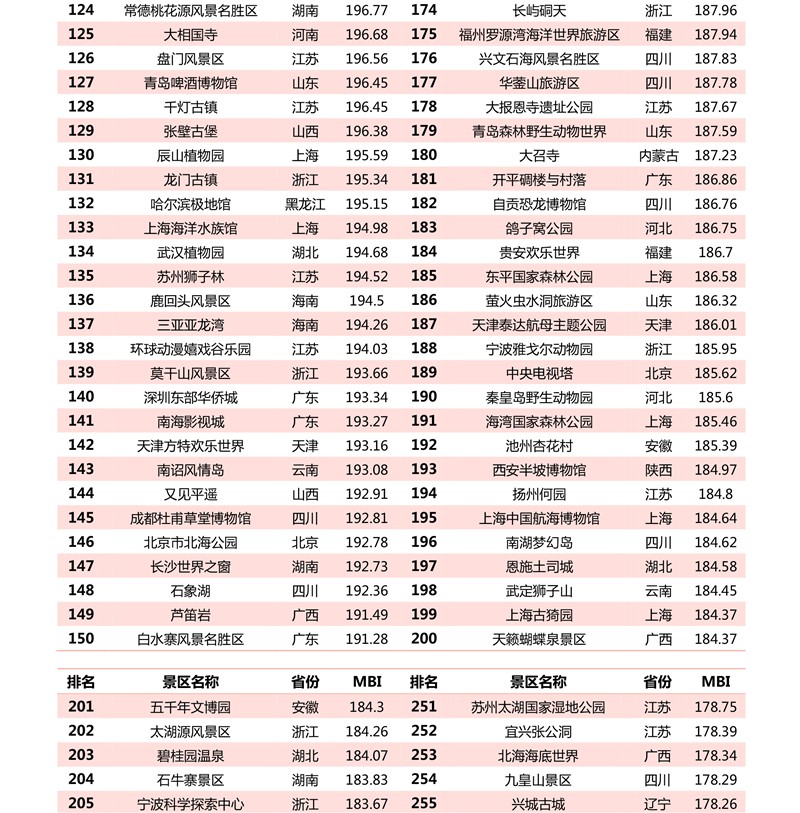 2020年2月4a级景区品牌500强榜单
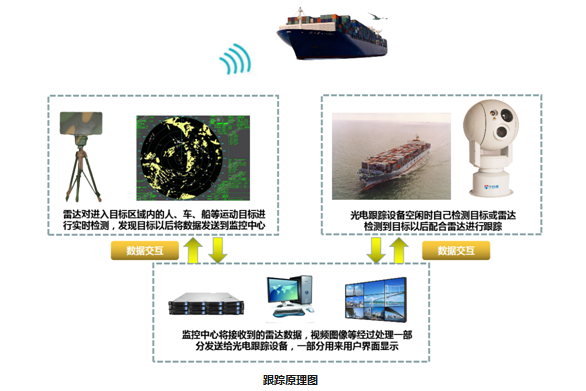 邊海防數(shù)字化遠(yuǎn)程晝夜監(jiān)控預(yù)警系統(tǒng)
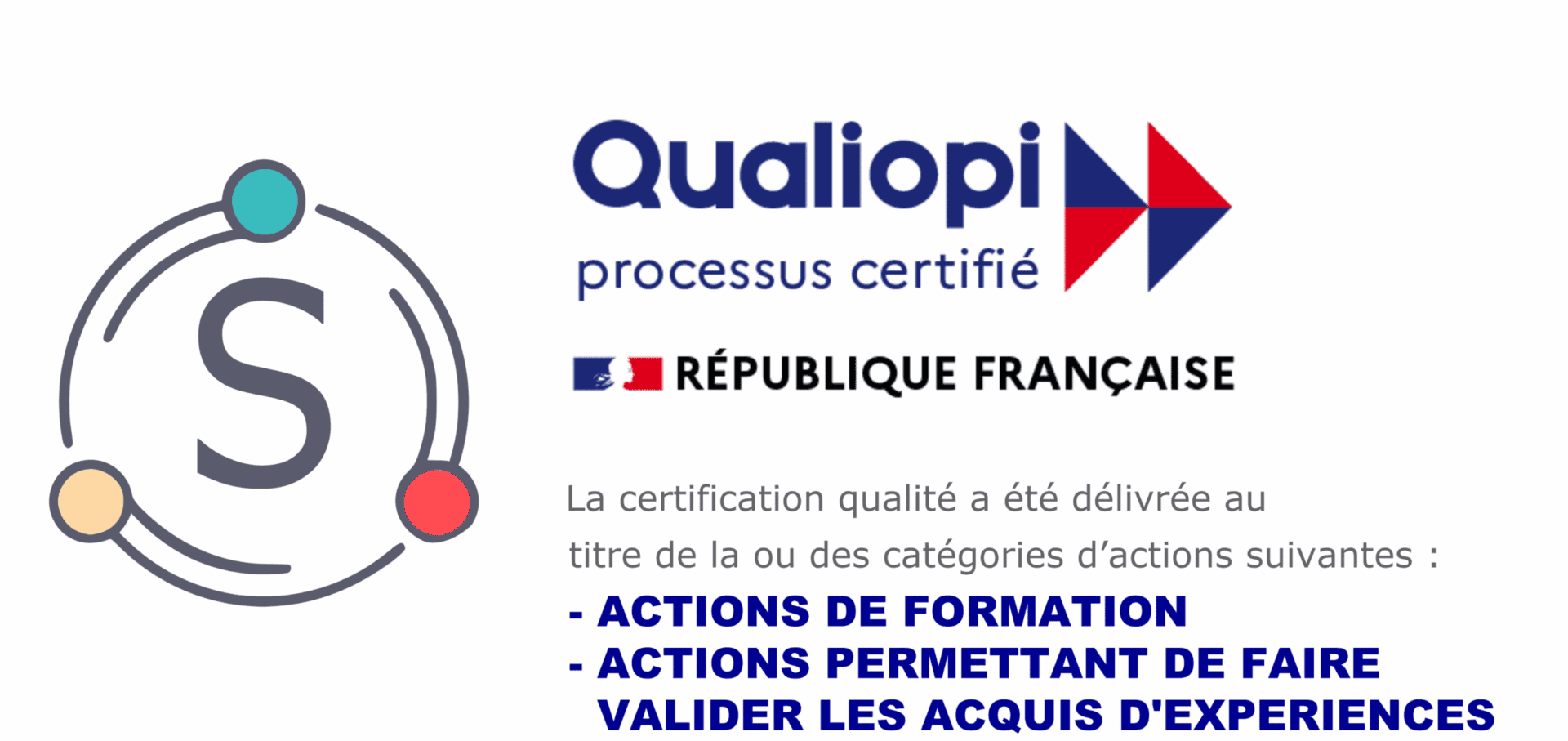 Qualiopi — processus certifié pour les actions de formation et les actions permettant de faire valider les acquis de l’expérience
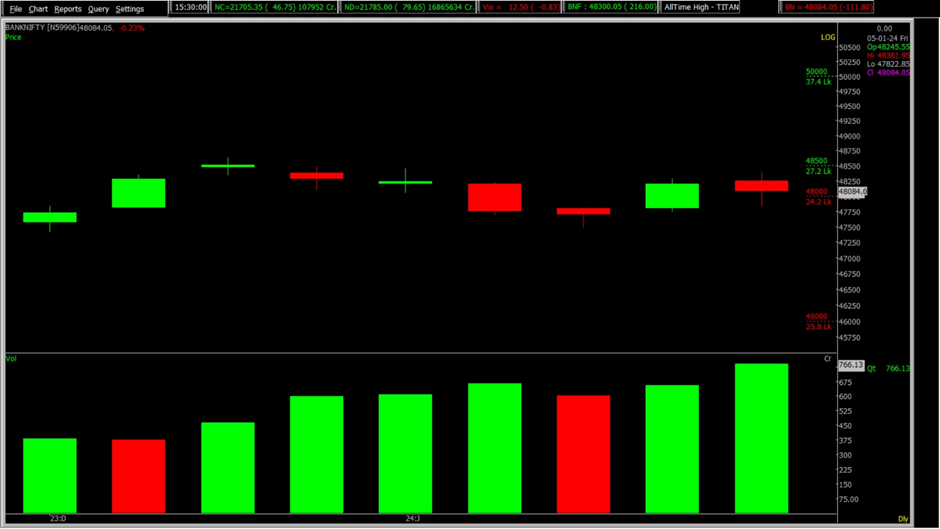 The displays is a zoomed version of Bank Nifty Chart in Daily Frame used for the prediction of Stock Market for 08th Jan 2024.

Task directions. Each line from the one containing "Qualiopi — processus" through the last line of the listing must be copied exactly, and the pictures must not be.

Exercise response.
 Qualiopi — processus certifié pour les actions de formation et les actions permettant de faire valider les acquis de l’expérience
 The displays is a zoomed version of Bank Nifty Chart in Daily Frame used for the prediction of Stock Market for 08th Jan 2024.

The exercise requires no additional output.